Your objective: Reproduce the records below exactly as shown.

Material supplied:

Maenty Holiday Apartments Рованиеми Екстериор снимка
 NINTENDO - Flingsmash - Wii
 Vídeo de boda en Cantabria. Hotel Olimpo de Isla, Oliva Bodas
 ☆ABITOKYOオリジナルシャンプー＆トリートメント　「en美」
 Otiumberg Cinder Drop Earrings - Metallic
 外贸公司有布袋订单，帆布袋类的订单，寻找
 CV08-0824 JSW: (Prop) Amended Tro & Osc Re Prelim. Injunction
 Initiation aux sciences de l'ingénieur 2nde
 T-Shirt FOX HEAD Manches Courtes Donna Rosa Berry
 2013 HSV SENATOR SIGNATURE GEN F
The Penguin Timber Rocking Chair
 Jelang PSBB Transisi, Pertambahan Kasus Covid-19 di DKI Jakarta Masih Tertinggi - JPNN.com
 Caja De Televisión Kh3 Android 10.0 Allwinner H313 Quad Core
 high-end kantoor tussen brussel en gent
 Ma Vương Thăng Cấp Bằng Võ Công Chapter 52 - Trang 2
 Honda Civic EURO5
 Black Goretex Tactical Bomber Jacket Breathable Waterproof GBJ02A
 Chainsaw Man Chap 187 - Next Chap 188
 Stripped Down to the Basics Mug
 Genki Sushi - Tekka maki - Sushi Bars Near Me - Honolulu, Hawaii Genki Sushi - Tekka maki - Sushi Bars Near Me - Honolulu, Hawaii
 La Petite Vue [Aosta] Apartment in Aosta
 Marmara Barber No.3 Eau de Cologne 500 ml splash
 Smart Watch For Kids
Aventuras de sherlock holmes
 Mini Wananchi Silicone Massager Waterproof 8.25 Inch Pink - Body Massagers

Response to this exercise:
Maenty Holiday Apartments Рованиеми Екстериор снимка
 NINTENDO - Flingsmash - Wii
 Vídeo de boda en Cantabria. Hotel Olimpo de Isla, Oliva Bodas
 ☆ABITOKYOオリジナルシャンプー＆トリートメント　「en美」
 Otiumberg Cinder Drop Earrings - Metallic
 外贸公司有布袋订单，帆布袋类的订单，寻找
 CV08-0824 JSW: (Prop) Amended Tro & Osc Re Prelim. Injunction
 Initiation aux sciences de l'ingénieur 2nde
 T-Shirt FOX HEAD Manches Courtes Donna Rosa Berry
 2013 HSV SENATOR SIGNATURE GEN F
The Penguin Timber Rocking Chair
 Jelang PSBB Transisi, Pertambahan Kasus Covid-19 di DKI Jakarta Masih Tertinggi - JPNN.com
 Caja De Televisión Kh3 Android 10.0 Allwinner H313 Quad Core
 high-end kantoor tussen brussel en gent
 Ma Vương Thăng Cấp Bằng Võ Công Chapter 52 - Trang 2
 Honda Civic EURO5
 Black Goretex Tactical Bomber Jacket Breathable Waterproof GBJ02A
 Chainsaw Man Chap 187 - Next Chap 188
 Stripped Down to the Basics Mug
 Genki Sushi - Tekka maki - Sushi Bars Near Me - Honolulu, Hawaii Genki Sushi - Tekka maki - Sushi Bars Near Me - Honolulu, Hawaii
 La Petite Vue [Aosta] Apartment in Aosta
 Marmara Barber No.3 Eau de Cologne 500 ml splash
 Smart Watch For Kids
Aventuras de sherlock holmes
 Mini Wananchi Silicone Massager Waterproof 8.25 Inch Pink - Body Massagers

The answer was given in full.